Natürlich sind das alles nur oberflächliche Einblicke in eine Serie, die außerordentlich gut geschrieben und umgesetzt wurde. Es ist selbstverständlich immer noch eine Superhelden Serie, brutaler, düsterer und zäher als ein Avengers-Film - Daredevil ist ziemlich graphisch, was das anbelangt (und das ist auch einer der Gründe, warum ich NICHT möchte, dass Daredevil irgendwann zu den Avengers geht) - aber die Serie vernachlässigt nicht das Menschliche in diesem Superhelden. Matt ist kein Iron Man mit viel Technikkram, oder Captain America mit körperlicher Stärke und Idealen, die nahezu utopisch ist - Matt ist einfach nur ein Mann, der in Hell's Kitchen aufgewachsen ist, ein Viertel von vielen in Manhattan, das alles tut um seine Heimat zu beschützen und dabei nicht nur mit den Bösen, sondern mit seinen eigenen Dämonen kämpft. 

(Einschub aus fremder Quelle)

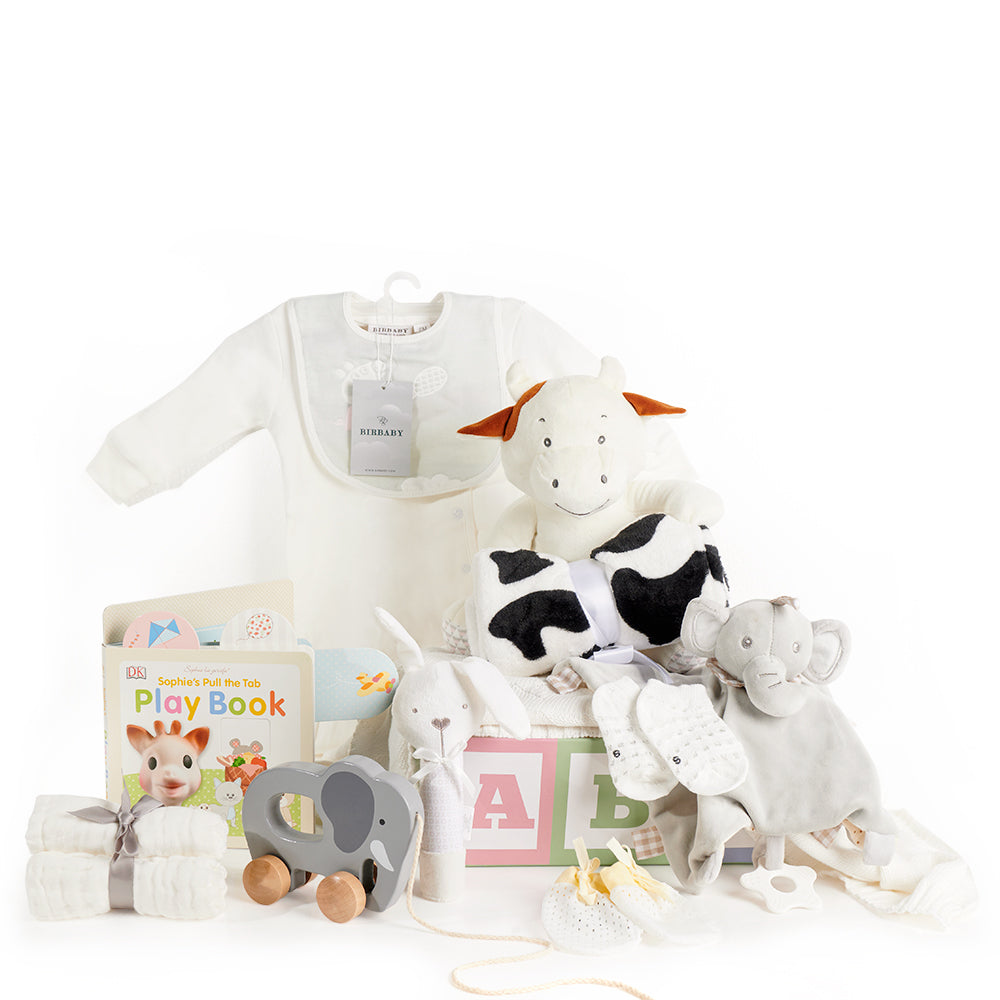 ABC Baby Gift Basket – Los Angeles Blooms - Los Angeles Delivery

Ich wünschte, ich könnte näher auf Einzelheiten eingehen. Zum Beispiel auf die weiblichen Charaktere, von denen es leider nicht so viele gibt (zumindest verglichen mit Marvel's Jessica Jones, eine weitere Serie auf Netflix die im gleichen Universum ansiedelt wie Daredevil), aber sie trotzdem hervor brechen: Karen Page, Claire Temple und Elektra Natchios, die eine andere Ebene aufmachen, die fast schon interessanter ist als die typische Held vs. Schurke Ebene (Karens Beziehung zum Punisher; Claires Drang, Menschen zu helfen, egal was es kostet; Elektras Kampf mit dem, was sie ist und wie andere sie haben wollen). Ohne sie wäre die Serie vermutlich halb so spannend - sie tragen zum emotionalen Konflikt bei und ich liebe es einfach, wenn Menschen in Geschichten gezeigt werden, die über sich hinaus wachsen und Grenzen erforschen, die sie bisher noch nicht gekannt haben.
Was ist also mein Punkt? In Daredevil sehe ich nicht nur "noch eine" Superheldenshow, von denen es zahlreich viele gibt zurzeit (Arrow, The Flash, Supergirl, Agent Carter, Agents of SHIELD, Gotham..) - es geht um was ist gut und was ist böse - ist es überhaupt möglich nur gut oder böse zu sein? Ist es falsch etwas zu tun, nur weil die Gesetze es verbieten? Ist das Gesetz überhaupt genug, um das Leben eines Menschen zu retten oder jemanden zu bestrafen? Was passiert, wenn ich gegen meinen eigenen Glauben verstoßen muss, um für das größere Wohl zu sorgen? Mit all diesen Fragen beschäftigt sich Daredevil, und das in einer präzise verarbeiteten Narration einer fesselnden Hauptfigur. 
P.S.: Außerdem hat Daredevil das absolut coolste Intro, das je eine TV Serie hatte, like seriously.